→ Task instructions
Copy everything in the data below exactly except the pictures.

→ Stored data
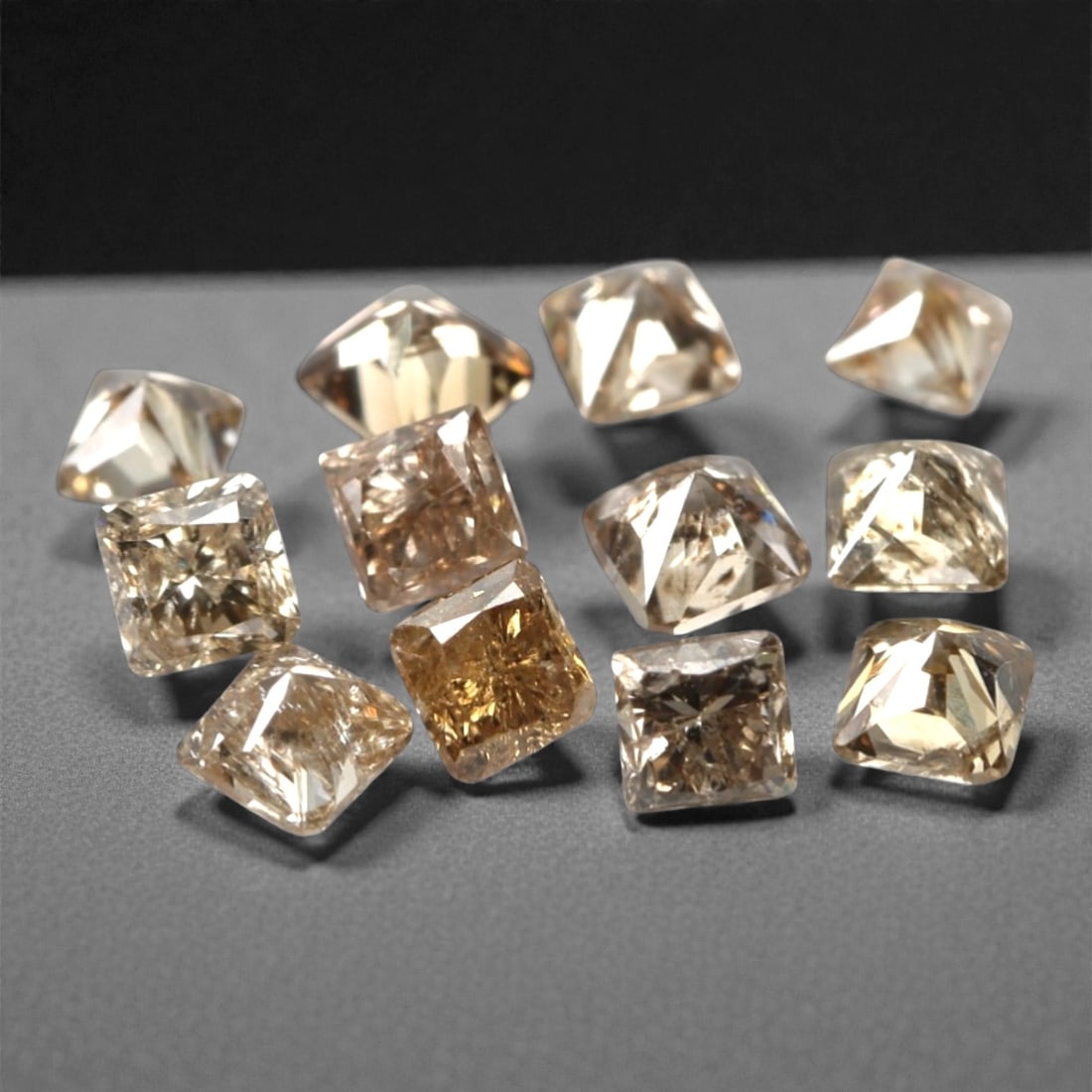 0.52ct 12 Pieces Champagne Diamond Parcel - Princess Cut, 211A: This elegant parcel of 12 loose champagne diamond gems captivates with a warm, honeyed hue that evokes the richness of aged champagne and the glow of liquid sunlight. Each stone is cut in a well-propo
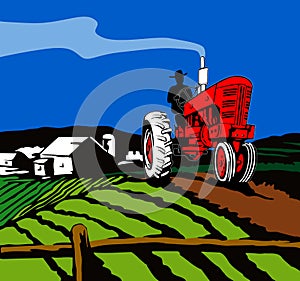 Tractor plowing the farm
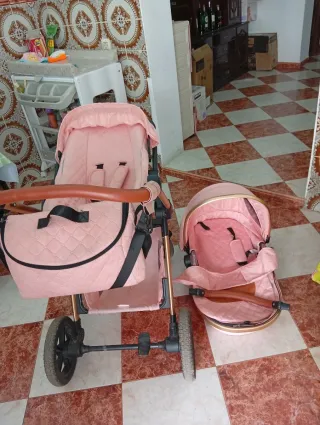 Cochecito de bebé rosa con capazo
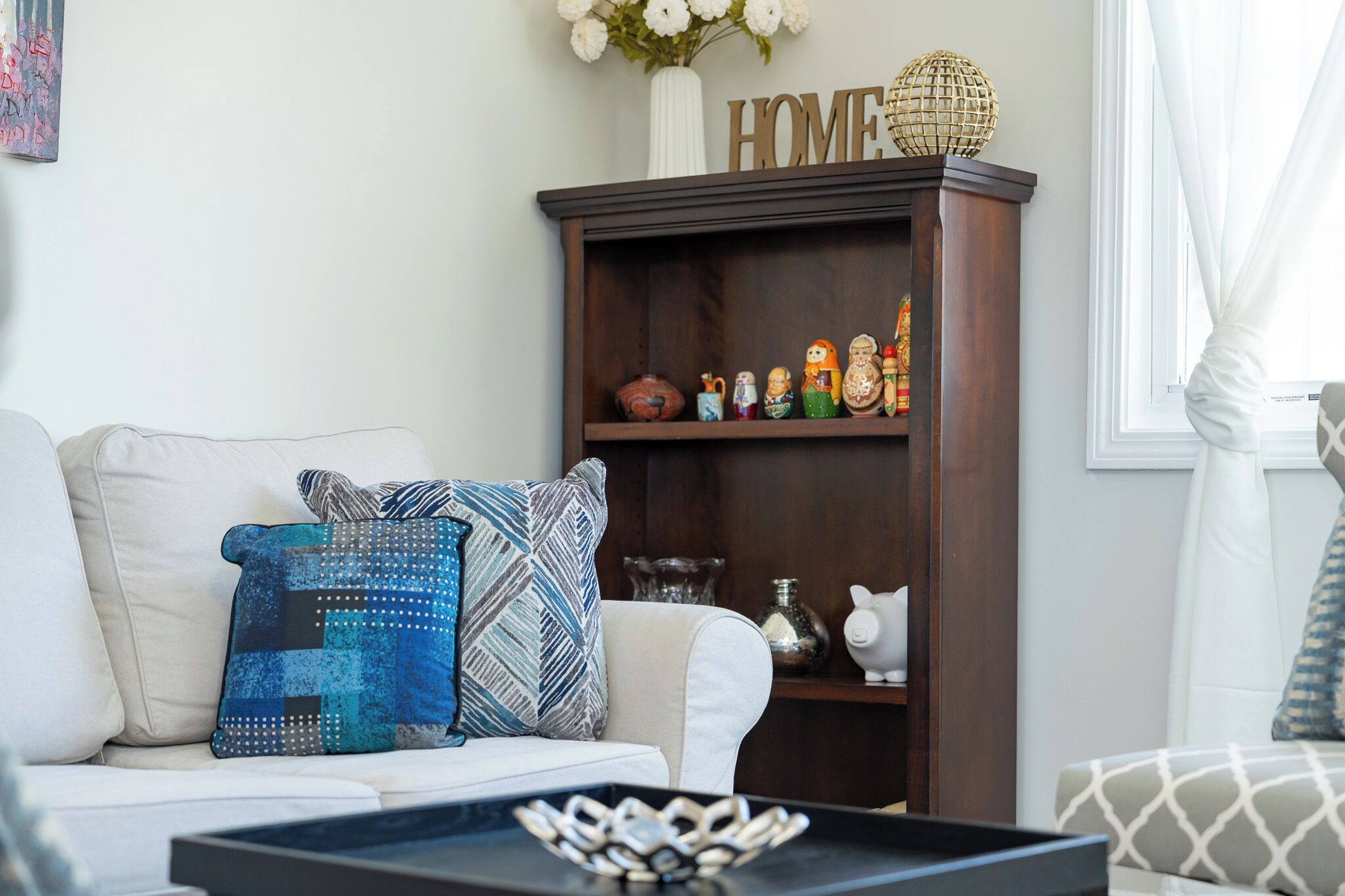 A living room with a white sofa, patterned cushions, a wooden bookshelf with decorative items, and a window with curtains.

→ Exercise solution
 0.52ct 12 Pieces Champagne Diamond Parcel - Princess Cut, 211A: This elegant parcel of 12 loose champagne diamond gems captivates with a warm, honeyed hue that evokes the richness of aged champagne and the glow of liquid sunlight. Each stone is cut in a well-propo
 Tractor plowing the farm
 Cochecito de bebé rosa con capazo
 A living room with a white sofa, patterned cushions, a wooden bookshelf with decorative items, and a window with curtains.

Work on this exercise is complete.